On Sun, 13 May 2012, Pascal J. Bourguignon wrote:
> Faheem Mitha <faheem@...> writes:
>> I don't know if the SBCL developers are interested in this sort of thing.
>> It may be too trivial. But, consider...
>> CL-USER> (concatenate "foo" "bar")
>> ; Evaluation aborted on #<TYPE-ERROR expected-type: (OR CONS SYMBOL
>> SB-KERNEL:INSTANCE) datum: "foo">.
> It may be trivial but it represents a lot of work:
> 1- it's not limited to concatenate of course. Each operator in CL would
> benefit from newbie friendly error reporting.
> 2- it's not limited to sbcl all implementations do the same thing.
> Namely, they defer most of the type checking (and in general, parameter
> validation), to the lower level functions called. This is sound lisp
> engineering since this avoid testing for the types/validity of the
> parameter at each function call. But indeed it has the defect that the
> errors are not detected early and in the most meaningful context. It
> has also the problem that implementation details changing, the exact
> error reported is not the same from one implementation to another. This
> is related to the fact that very few CL operators are defined to signal
> specific conditions (at very few and coarse conditions are defined).
> There's matter for a nice CDR here:
> - specifying a complete ontology of conditions for the CL package.

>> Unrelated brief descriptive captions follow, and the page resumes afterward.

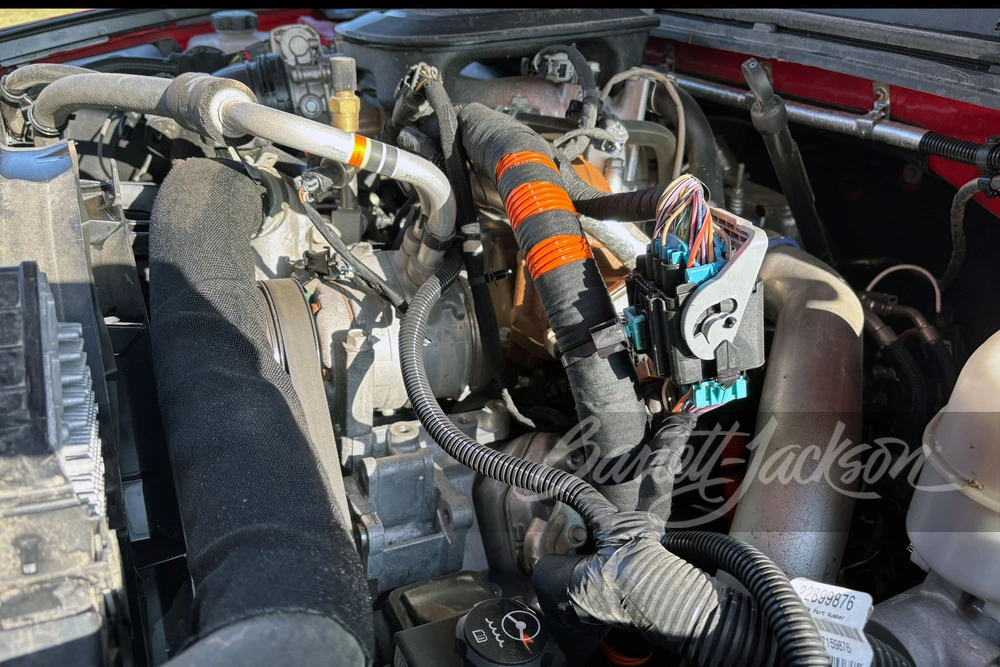 2013 GMC Sierra Heavy Duty 3rd Gen - Image 6 of 24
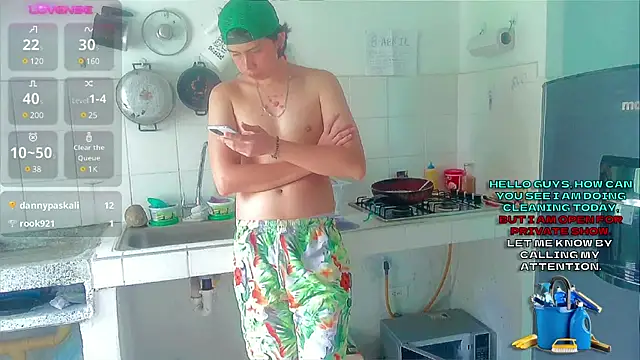 Andy gray online show from March 8, 5:01 pm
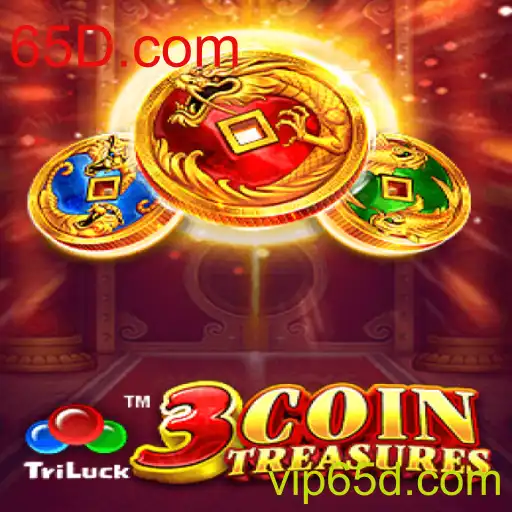 3CoinTreasures: A Nova Sensação no Mundo dos Jogos Online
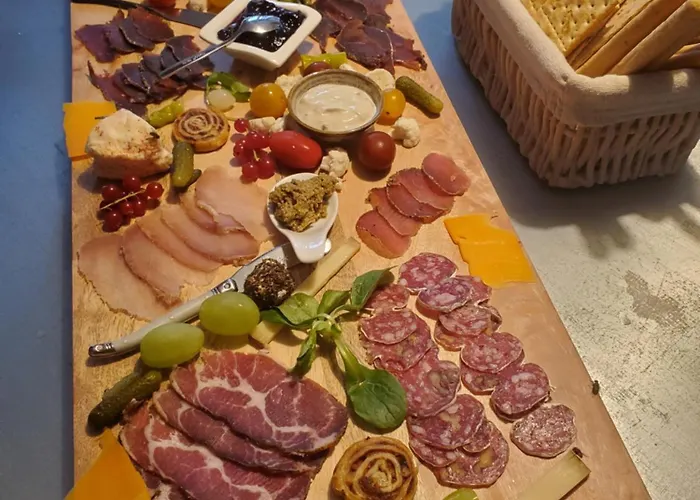 La Gare * Aurensan (Gers)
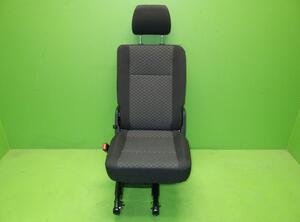 Rear Seat VW Transporter VI Kasten (SGA, SGH, SHA, SHH)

> - specifying precisely for each CL operator, what condition should be
> signaled in what situation.
> So, passing a string instead of a sequence type as first argument of
> concatenate is indeed a type error (that's what most implementations
> signal, ccl signals a subclass of program-error and allegro a subclass
> of error (all are confomring:
> An error is signaled if the result-type is neither a recognizable
> subtype of list, nor a recognizable subtype of vector.
> )), but the CDR could specify a more precise condition, a subclass of
> type-error that would report exactly the newbie-friendly meaning:
> (define-condition sequence-type-expected-error (type-error)

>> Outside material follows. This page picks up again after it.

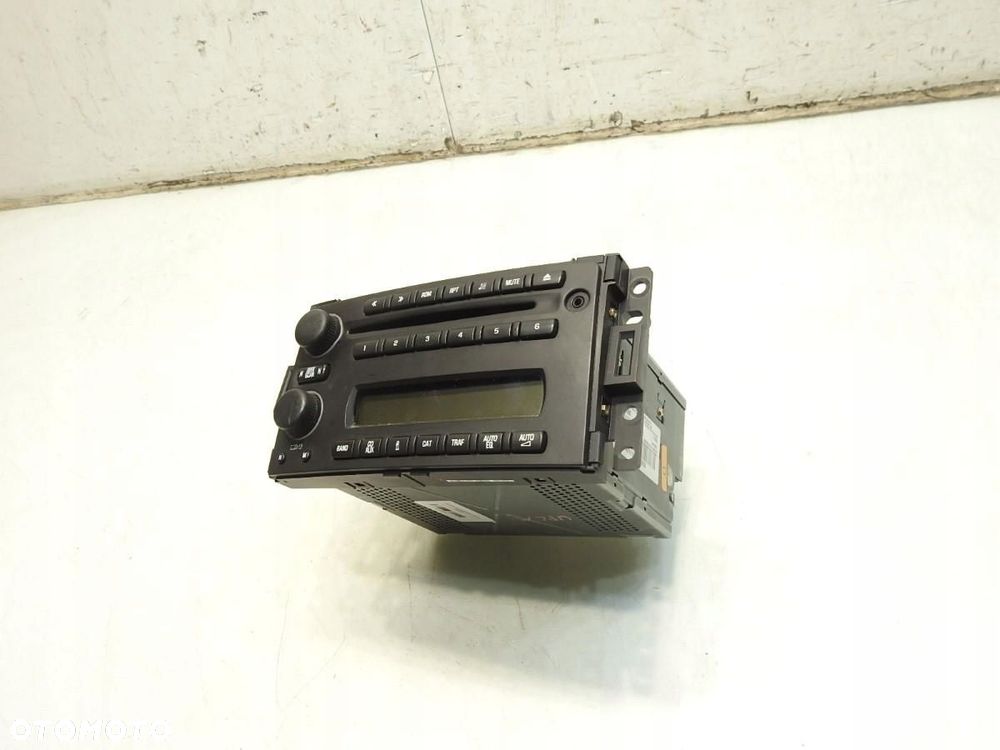 RADIO CD CHEVROLET UPLANDER 15878234 28111335 - 6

> ((function :initarg :function :reader sequence-type-expected-error-function)
> (parameter :initarg :parameter :reader sequence-type-expected-error-parameter)
> (datum :initarg :datum :reader sequence-type-expected-error-datum))
> (:report (lambda (err stream)
> (format stream
> "Function ~A expected a subtype of sequence ~
> in its ~:R parameter, instead it got the ~A ~S"
> (sequence-type-expected-error-function err)
> (sequence-type-expected-error-parameter err)
> (type-of (sequence-type-expected-error-datum err))
> (sequence-type-expected-error-datum err)))))
> 1- you'd get this error message:
> Function concatenate expected a subtype of sequence in its first
> parameter, instead it got the (simple-base-string 3) "Abc"
> 2- programs could recover more precisely from errors signaled by CL
> But again, the same work has to be done for all the CL operators (and
> hopefully implemented by all implementations).
Thanks for the reply, and the detailed explanation. I should have guessed
that there was some reason the errors showed up this way. Does this mean
the SBCL developers are not interested in comments about error messages? I
don't want to spam the list pointlessly. I ask since I've seen SBCL errors
which much more obscure than this, and might comment on them on this list
as I came across them. They are still much better than, for example, C++
template error messages, though.
BTW, what does CDR mean? The first thing that comes to mind is "something
Defect Report", but that doesn't quite fit.
Also, I don't get the significance of
> Reading of: "(concatenate \"Abc\" \"def\")"
> signaled no error
Can you elaborate? Please excuse my ignorance.